A recent criminal case addressed, in part, an issue we saw in the case of Elonis v. United States. The Elonis case went to the U.S. Supreme Court which ultimately reversed the criminal conviction of a man based on statutory construction grounds that his Facebook postings did not offer the requisite mental intent to threaten the victim(s). The Supreme Court’s opinion did not address any First Amendment rights, however.
The case of Commonwealth v. Lambert, involved a Protection from Abuse Order entered against Lambert, the victim’s ex-boyfriend.
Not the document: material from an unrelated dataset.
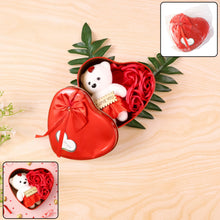 HeartShapedBox-WOSKU-01 - Indigenous Shop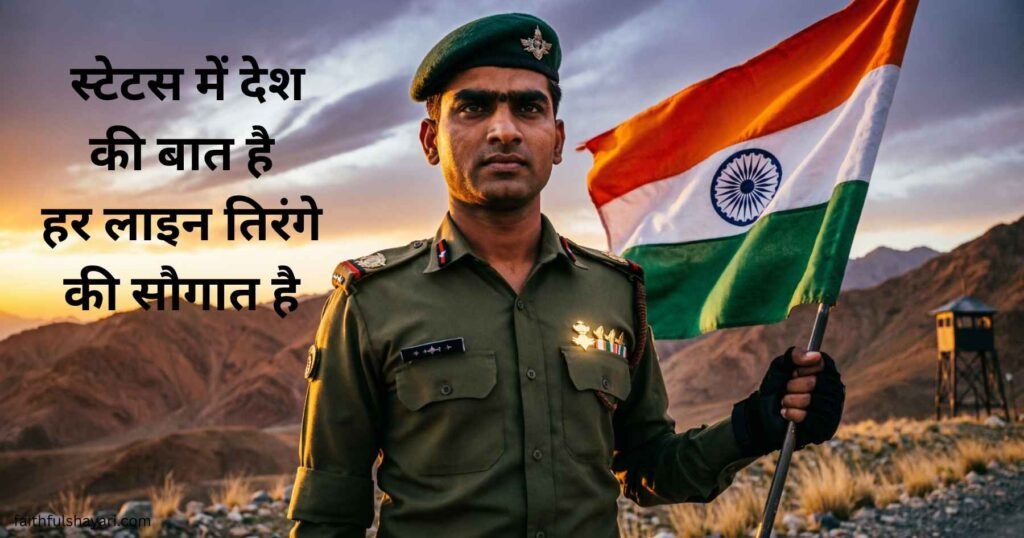 army-shayari-status-in-hindi-trending-2026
Interestingly, and likely an insight into the voluminous use of social media by Lambert, was the specific PFA Order instruction that he shall refrain from posting “any remark(s) and/or images regarding Plaintiff, on any social network(s), including, but [not] limited to, Facebook, Myspace, Twitter, or any other electronic networks.” In other words, he was not permitted to post anything to social media pertaining to his ex-girlfriend. It should be noted that a Protection from Abuse Order restricts a perpetrator from having direct or indirect contact with a victim. If they do have contact, they could be subject to an Indirect Criminal Contempt. PFA Orders are civil restraining orders to protect a victim, but they have criminal repercussions: a violation – either verbally, in writing, or physically – will land someone in jail.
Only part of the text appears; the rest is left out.